LA JOLLA, CA August 24, 2011 A team of scientists from The Scripps Research Institute have successfully reengineered an important antibiotic to kill the deadliest antibiotic-resistant bacteria. The compound could one day be used clinically to treat patients with life-threatening and highly resistant bacterial infections.
The results were published in an advanced online issue of the Journal of the American Chemical Society.
"[These results] have true clinical significance and chart a path forward for the development of next generation antibiotics for the treatment of the most serious resistant bacterial infections," said Dale L. Boger, who is Richard and Alice Cramer Professor of Chemistry at The Scripps Research Institute and senior author of the new study. "The result could not be predicted. It really required the preparation of the molecule and the establishment of its properties."
The compound synthesized is an analogue of the well-known commercial antibiotic vancomycin.

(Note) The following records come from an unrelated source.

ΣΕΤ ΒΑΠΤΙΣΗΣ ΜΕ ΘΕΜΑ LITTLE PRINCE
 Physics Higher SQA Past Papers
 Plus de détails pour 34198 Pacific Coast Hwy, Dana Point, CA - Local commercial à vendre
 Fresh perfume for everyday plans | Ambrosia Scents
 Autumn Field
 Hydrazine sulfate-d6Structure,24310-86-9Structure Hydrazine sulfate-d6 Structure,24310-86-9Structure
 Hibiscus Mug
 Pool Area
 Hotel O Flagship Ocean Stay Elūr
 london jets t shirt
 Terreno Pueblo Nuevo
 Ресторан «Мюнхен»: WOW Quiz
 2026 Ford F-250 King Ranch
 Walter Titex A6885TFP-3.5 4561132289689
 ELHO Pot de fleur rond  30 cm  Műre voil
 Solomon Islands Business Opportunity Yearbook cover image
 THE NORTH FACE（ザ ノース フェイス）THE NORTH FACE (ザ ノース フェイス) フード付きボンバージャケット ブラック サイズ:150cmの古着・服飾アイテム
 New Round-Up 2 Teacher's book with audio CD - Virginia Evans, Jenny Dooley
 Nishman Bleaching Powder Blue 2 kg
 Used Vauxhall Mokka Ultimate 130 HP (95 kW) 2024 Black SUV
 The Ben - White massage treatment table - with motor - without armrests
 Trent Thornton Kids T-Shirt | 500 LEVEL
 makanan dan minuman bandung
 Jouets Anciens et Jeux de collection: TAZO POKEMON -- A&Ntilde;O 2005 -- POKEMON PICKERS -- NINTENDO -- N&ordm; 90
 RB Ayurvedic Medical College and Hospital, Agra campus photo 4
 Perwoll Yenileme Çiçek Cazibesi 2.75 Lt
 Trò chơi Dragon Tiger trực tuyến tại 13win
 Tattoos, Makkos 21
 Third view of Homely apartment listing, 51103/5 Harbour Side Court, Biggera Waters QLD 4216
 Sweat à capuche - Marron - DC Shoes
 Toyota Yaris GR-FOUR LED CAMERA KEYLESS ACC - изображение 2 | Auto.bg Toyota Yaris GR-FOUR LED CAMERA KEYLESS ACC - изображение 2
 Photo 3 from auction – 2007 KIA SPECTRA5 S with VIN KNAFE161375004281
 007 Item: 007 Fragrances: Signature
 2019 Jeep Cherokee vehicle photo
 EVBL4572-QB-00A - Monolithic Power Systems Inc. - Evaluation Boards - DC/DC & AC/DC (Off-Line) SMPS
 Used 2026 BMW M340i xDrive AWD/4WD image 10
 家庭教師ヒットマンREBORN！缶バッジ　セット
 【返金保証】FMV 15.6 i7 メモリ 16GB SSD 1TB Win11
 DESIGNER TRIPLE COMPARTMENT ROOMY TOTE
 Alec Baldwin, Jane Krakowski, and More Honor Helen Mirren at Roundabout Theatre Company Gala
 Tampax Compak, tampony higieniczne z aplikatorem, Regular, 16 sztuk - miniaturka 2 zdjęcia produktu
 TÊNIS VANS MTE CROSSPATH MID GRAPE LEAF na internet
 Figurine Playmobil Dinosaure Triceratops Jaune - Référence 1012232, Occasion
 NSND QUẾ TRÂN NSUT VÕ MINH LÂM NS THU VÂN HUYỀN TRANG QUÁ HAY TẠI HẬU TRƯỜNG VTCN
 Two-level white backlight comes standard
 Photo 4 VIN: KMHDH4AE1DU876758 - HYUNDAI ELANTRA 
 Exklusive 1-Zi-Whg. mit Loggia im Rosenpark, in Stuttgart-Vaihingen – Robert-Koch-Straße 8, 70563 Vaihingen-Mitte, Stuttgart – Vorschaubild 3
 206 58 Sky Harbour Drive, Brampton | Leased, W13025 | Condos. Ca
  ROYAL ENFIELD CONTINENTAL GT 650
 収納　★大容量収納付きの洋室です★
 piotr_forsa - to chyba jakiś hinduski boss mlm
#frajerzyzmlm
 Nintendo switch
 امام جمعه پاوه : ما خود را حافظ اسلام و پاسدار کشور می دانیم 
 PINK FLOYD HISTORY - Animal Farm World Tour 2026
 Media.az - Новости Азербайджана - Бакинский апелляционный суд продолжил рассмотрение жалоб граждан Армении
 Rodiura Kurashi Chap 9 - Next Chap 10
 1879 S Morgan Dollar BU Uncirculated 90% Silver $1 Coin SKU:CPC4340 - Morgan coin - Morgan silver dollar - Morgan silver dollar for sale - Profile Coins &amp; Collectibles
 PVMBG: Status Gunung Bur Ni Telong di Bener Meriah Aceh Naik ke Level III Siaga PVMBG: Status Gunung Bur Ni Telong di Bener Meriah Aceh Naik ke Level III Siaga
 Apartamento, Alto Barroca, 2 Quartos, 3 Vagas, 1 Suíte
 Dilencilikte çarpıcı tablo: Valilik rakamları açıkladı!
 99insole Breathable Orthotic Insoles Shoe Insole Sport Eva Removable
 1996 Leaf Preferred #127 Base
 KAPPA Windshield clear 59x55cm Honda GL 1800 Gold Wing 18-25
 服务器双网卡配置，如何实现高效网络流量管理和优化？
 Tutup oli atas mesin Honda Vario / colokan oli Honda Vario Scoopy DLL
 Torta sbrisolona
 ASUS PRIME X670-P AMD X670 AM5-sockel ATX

The new analogue was prepared in an elegant total synthesis, a momentous achievement from a synthetic chemistry point of view. "In addition to the elegantly designed synthesis," said Jian Xie, postdoctoral fellow in Boger's group and first author on the publication, "I am exceedingly gratified that our results could have the potential to be a great service to mankind."
A Single Atom Changes Everything
Vancomycin is an antibiotic of last resort, which is used only after treatment with other antibiotics has failed. Clinically, it is used to treat patients that are either infected with the virulent methicillin-resistant Staphylococcus aureus (MRSA), individuals on dialysis, or those allergic to beta-lactam antibiotics (penicillin, cephalosporins).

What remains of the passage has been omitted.